Miré al otro lado del puente para ver qué había, y distinguí una enorme abertura tallada en la roca, que se hundía en la montaña. La entrada estaba flanqueada por bajorrelieves en forma de dragón; pero eran dragones sin alas, como los de los estandartes, largos y sinuosos, con una larga cola de serpiente.

– ¿Estáis listos? -preguntó el chino-. Debo deciros que si fracasáis, ya nunca podréis volver a intentarlo.

– Estamos listos -dijo Morgennes.

– ¡Muy bien! -dijo el chino-. Os haré una pregunta. Si no conocéis la respuesta, no pasaréis. Si la conocéis, tendréis derecho a plantearme una a mí. Si yo no conozco la respuesta, podréis pasar. En caso contrario…

– Comprendido -dijo Morgennes-. Empecemos.

– Primera pregunta: «¿Qué fue primero, el huevo o la gallina?

– ¡Diablos! Esta es una pregunta para Cocotte -dijo Morgennes mirando a nuestra gallina.

Se rascó la cabeza.

Yo reflexionaba… Algo me decía que debía inspirarme en mi propia experiencia. Particularmente en la de Arras… Lo que iba después del primer premio era la gallina. Luego venían los huevos. Además, Cocotte ya no ponía desde que habíamos tenido que huir…

– Es la gallina -respondí.

– ¡Buena respuesta, honorable competidor! -dijo el chino-. Un punto a vuestro favor. Ahora tenéis derecho a plantearme un enigma.

– Muy bien -dije-. Tengo uno que no es muy difícil: «Recorro los libros sin aumentar mi saber; di cómo me llamo».

– ¡El gusano! -exclamó el chino.

– ¡Por Nuestra Señora! -exclamó Morgennes golpeándose la palma con el puño.
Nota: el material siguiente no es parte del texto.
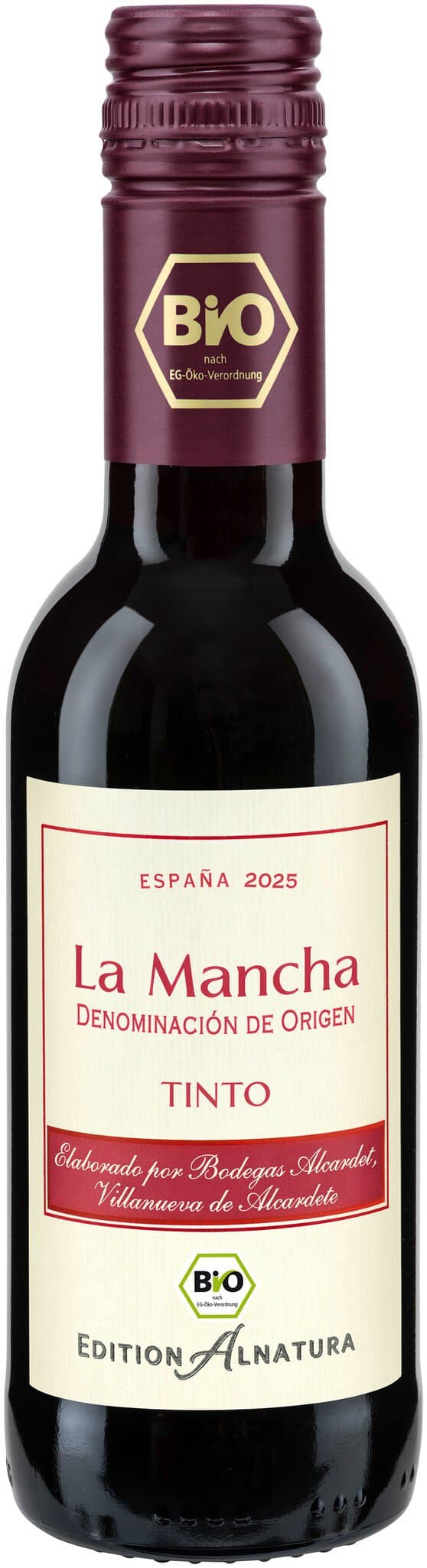 Alnatura Edition La Mancha Tinto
– Si queréis ganar, tendréis que hacerlo mejor -continuó el chino-. Ahora me toca a mí: «Vi un ser maravilloso, una nave aérea que llevaba sobre sus cuernos un botín de guerra. Quería construir una habitación en la fortaleza. Entonces un ser prodigioso apareció sobre las cimas de la montaña (todos los habitantes de la tierra saben quién es). Cogió el botín y lo lanzó a la viajera, que partió hacia el oeste. El polvo se elevó en el cielo. El rocío cayó sobre la tierra. La noche se fue. Nadie conoce el camino de este ser, al que tú debes nombrarme».

– Lo sé -dijo Morgennes.

– Yo también, es fácil. ¡Es el sol!

– ¡Bravo! -dijo el chino-. ¡Vuestro turno!

– Sabéis, con nosotros esto puede durar mucho tiempo -dijo Morgennes, que había leído muchos libros que contenían enigmas.
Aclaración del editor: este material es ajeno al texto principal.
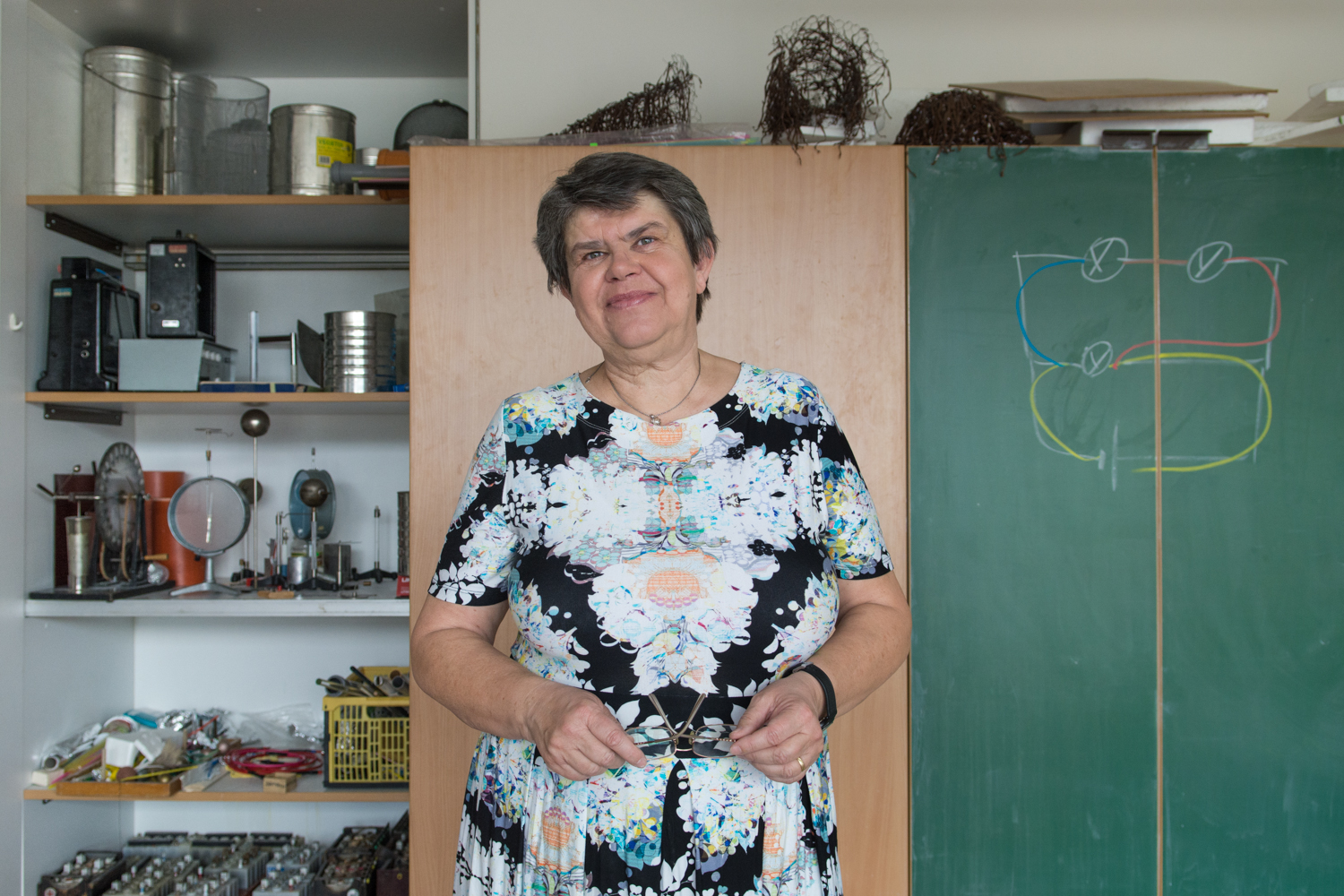 Zakladatelka Heuréky: Fyzika se musí zažít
– ¡Acabas de darme una idea! -dije-. ¿Qué es lo más viejo que hay?

– ¡El tiempo! -respondió el chino.

– A decir verdad -confesó Morgennes-, había otra respuesta posible: «Dios». Pero la de nuestro amigo es igualmente correcta, ya que ni Dios ni el tiempo tienen principio. De modo que se acepta. ¡Vuestro turno!

– Nómbrame una cosa -dijo el chino- a la que ninguna otra se parece, ni en la tierra, ni en el mar, ni entre los mortales; la naturaleza ha asignado reglas extrañas al desarrollo de sus partes: cuando nace es inmensa; en el mediodía de su vida es muy pequeña, y cerca de su muerte vuelve a hacerse inmensa.

– Fácil -dijo Morgennes-. ¡Es la sombra! Me toca…

Reflexionó un rato, luego pensó en su infancia y en los largos momentos pasados al borde del río. Entonces preguntó al chino:

– Mi morada no es silenciosa. Yo no hago ruido. El Señor ha ordenado que estemos unidos. Yo soy más rápido que mi morada, a veces más fuerte; pero ella trabaja más. A veces descanso, pero ella es infatigable. Habitaré en ella mientras viva. Si me separan de ella, muero. ¿Quién soy?